The EU AI Act, with transparency obligations set to take full effect in August 2026, may force the issue internationally. The Act requires that AI-generated or AI-manipulated text published to inform the public must be disclosed unless it has undergone genuine human review and a natural or legal person assumes editorial responsibility. Non-compliance carries penalties reaching 35 million euros or 7 percent of global annual turnover for serious violations. While the Act targets public-facing content rather than internal work product, its underlying principle — that people deserve to know when AI produced something — has already begun reshaping corporate disclosure norms.

Old Parallels, New Urgency

The AI Appropriator is not without historical analogs in corporate life. Understanding these parallels helps organizations see that the core problem is not technological but behavioral — and that solutions already exist for the behavioral dimension.

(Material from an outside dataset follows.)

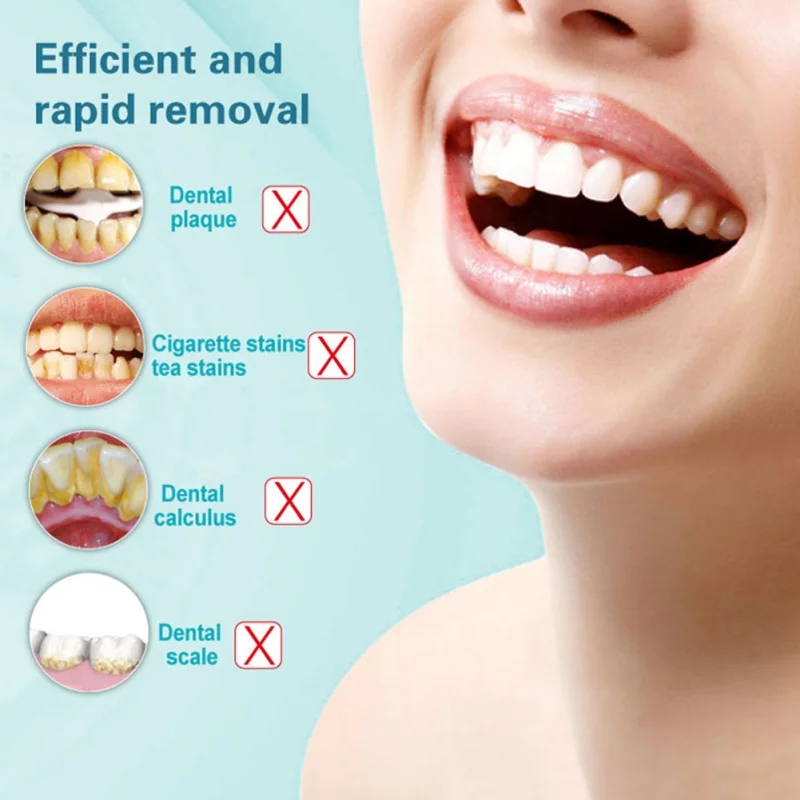 

Electric Tartar Remover Teeth Whitening Cleaning Dental Tartar Scraper Tooth Polisher Stain Eraser High Frequency Vibration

The managerial credit hoarder — the boss who presents team work as personal achievement in executive meetings — has been a fixture of corporate life for decades. Research published in the Journal of Business Ethics in 2013 by William Graham and William Cooper examined how credit-claiming operates as a form of social undermining, separating individuals from recognition of their labor and eroding trust across teams. The AI Appropriator does the same thing, but the AI intermediary makes detection harder. Where colleagues might notice a manager repeating their talking points in a boardroom, they may never know their prompt library is being used to generate reports in another department.

The power asymmetry sharpens when the appropriator is the manager rather than a peer. A direct report who discovers that their supervisor is feeding team-built prompts into AI and presenting the polished output to senior leadership faces a structural problem that no attribution policy alone can solve. The subordinate cannot easily challenge the person who writes their performance review. This dynamic demands safeguards that go beyond organizational-level frameworks: skip-level reviews of AI-assisted deliverables, prompt-library access logs visible to governance teams rather than just direct supervisors, and anonymous reporting channels that allow contributors to flag appropriation without career risk. Without these mechanisms, attribution policies protect against lateral appropriation between peers but leave the vertical variety — historically the most common and most damaging form of credit theft — structurally intact.

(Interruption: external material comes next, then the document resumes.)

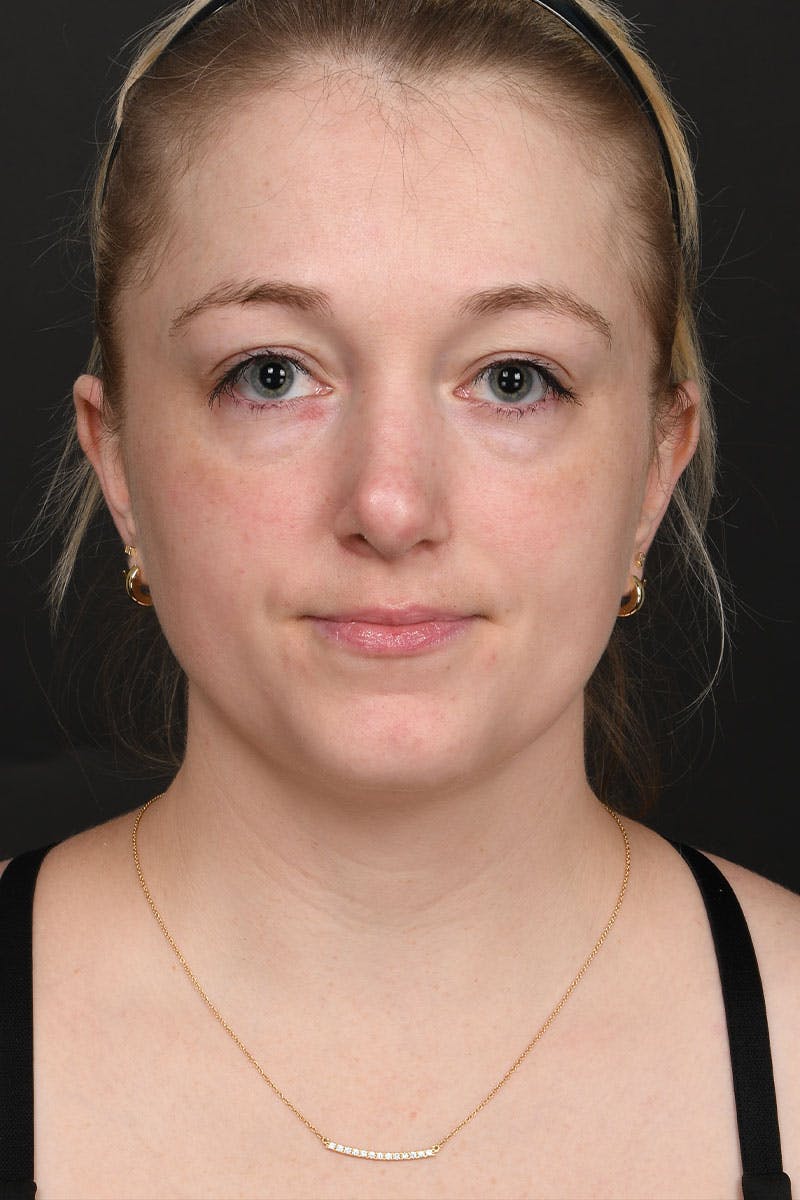 Rhinoplasty Before & After Gallery - Patient 232636 - Image 4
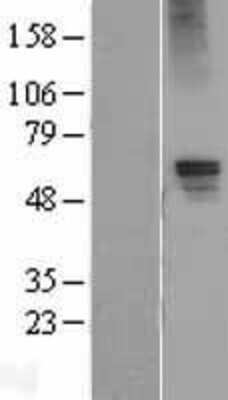 Western Blot: GABA-AR alpha 5 Overexpression Lysate [NBL1-10918]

The intellectual property poacher — the colleague who copies code, lifts research, or repurposes deliverables without attribution — is another established archetype. Attorney Aaron Hall, writing about IP disputes from employee AI use, noted that AI use policies integrated within employment contracts help mitigate these disputes by defining permissible applications, providing guidelines on data handling, and specifying attribution of AI-assisted outputs. The legal infrastructure for addressing IP theft exists. It simply has not been extended to cover the AI-assisted variety systematically.

The ghost contributor — the team member whose quiet, foundational work gets absorbed into someone else’s visible output — may be the closest analog. In data-intensive disciplines like eDiscovery, the analyst who builds the search methodology rarely gets the same recognition as the partner who presents the findings. AI amplifies this dynamic: the person who built the prompt framework may see their encoded expertise generating outputs across the organization with no trail back to their contribution.

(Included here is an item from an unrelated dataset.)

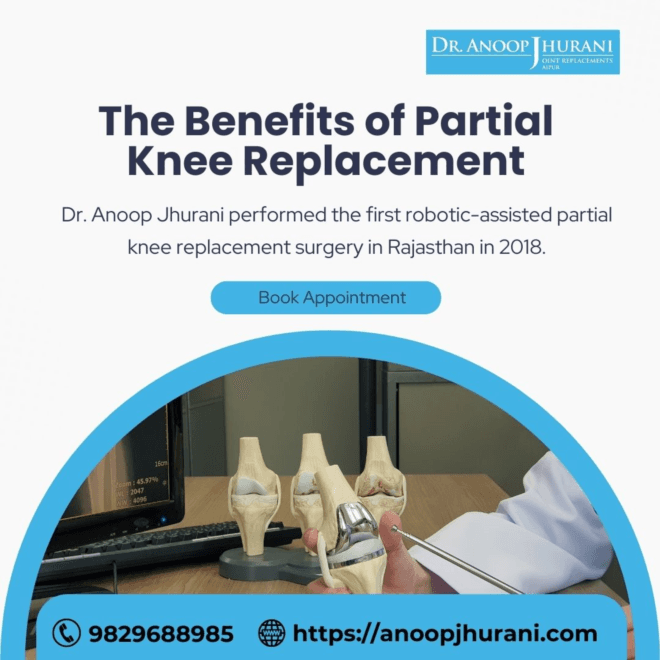Benefits of Partial Knee Replacement
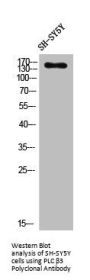 PLCB3 Antibody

The Journalism Parallel: An Industry That Already Solved This

Perhaps no profession offers a more instructive parallel than journalism — an industry built entirely on the practice of creating new works from the research, reporting, and intellectual labor of others, and one that developed attribution norms precisely because the alternative was chaos.

The wire service model is the clearest analog. For over a century, organizations like the Associated Press and Reuters have produced original reporting that thousands of local outlets then rewrite, localize, and publish. The norm is unambiguous: you credit the wire service. “According to reporting by the Associated Press” is standard practice, not a courtesy. When a local outlet runs a rewritten AP story under a staff byline with no wire credit, it is a professional violation — and newsrooms enforce that boundary. The AI Appropriator does the equivalent every time they take a colleague’s prompt framework, generate a polished deliverable, and strip out any trace of the intellectual origin.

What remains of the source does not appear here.